The previously reviewed literature emphasizes the value in studying how resilience might buffer the negative psychological effects that can result from disease and illness. PD is an ideal population in which to study resilience due to the chronic, progressive nature of the disease, and the challenges with illness adjustment including mental health issues with a pathophysiological etiology. Additionally, evidence exists that mental health and QOL are modifiable and cannot be solely predicted by disease progression (Cummings, 1992). This project aims to replicate previous findings establishing the role of resilience in PD and address gaps in the PD literature of methodologically sound empirical research on resilience.

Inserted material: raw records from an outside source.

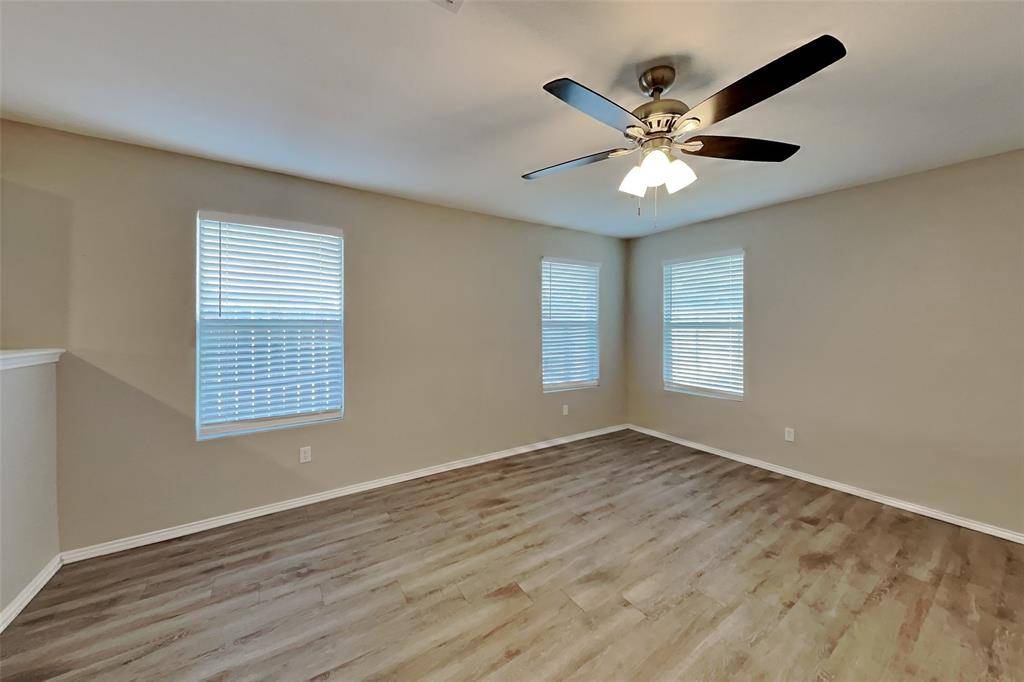 6941 Brookglen Lane, Fort Worth, TX 76179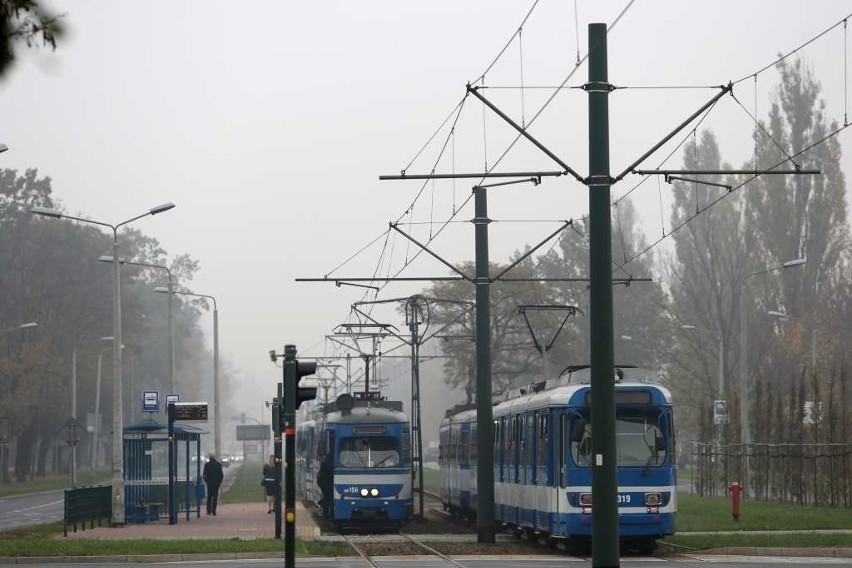 Kraków. Kolizja tramwaju z autem na al. Pokoju [ZDJĘCIA]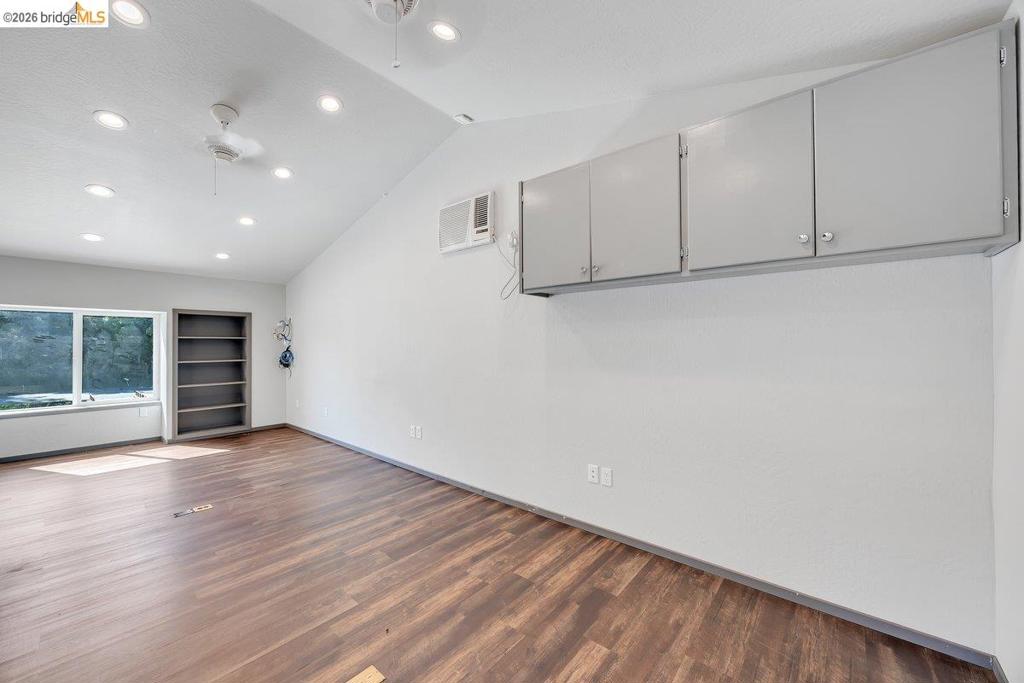 372 W Stockton St Property Photo 19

Specifically, this project examines the role of resilience in potentially modifying mental health/QOL adjustment for individuals with PD, even after controlling for other relevant clinical variables, including NMS. We hypothesize that after controlling for demographic variables and functional impairment, increased NMS (excluding confounding mood-related items) will be associated with poorer adjustment, specifically worse depression, apathy, life satisfaction, and QOL. We additionally predict that resilience will be significantly associated with better adjustment above and beyond control variables and NMS.
Method
Participants
Study participants were recruited from April 2013 to October 2013 through a US interdisciplinary movement disorder specialty clinic (Parkinson’s and Movement Disorders Center; PMDC) that involves research, clinical evaluation, treatment, and outreach. Recruitment used an institutional review board (IRB)-approved advertisement shared at community organizations and the PMDC website, requesting that interested participants contact the PMDC for further information. Inclusion criteria were as follows: (1) a confirmed medical diagnosis of PD and (2) age 21–90+ years. Individuals with other movement disorders (e.g. Essential Tremor, Huntington’s disease, dystonia), unable to understand English, or unable to complete the survey for any reason were excluded from the study. IRB approved this study (IRB # HM14988).
Procedure
The study was advertised as a web-based survey that required 45–60 minutes to complete, with paper copies available upon request. Survey data were collected and managed in a secure, web-based database (Research Electronic Data Capture (REDCap); Harris et al., 2009). Paper surveys were scanned and entered into the database. There was no compensation for study participation. Participants were contacted via phone to complete missing items. Missing data of unreachable participants were analyzed using Little’s (1998) missing completely at random (MCAR) test; results indicated that items were missing completely at random across demographic variables (χ2 = 5.148, degree of freedom (df) = 5; p = .398) and all scale items (χ2 = 142.63, df = 141; p = .446). Missing values were replaced using the Expectation–Maximization method.
Measures
The survey contained a battery of questionnaires from a larger study that comprehensively assessed PD, resilience, and psychologically related variables; only scales relevant for the present study are described below. Demographic information gathered included age, gender, ethnicity, marital status, income level, education level, and patient-reported number of years since diagnosis.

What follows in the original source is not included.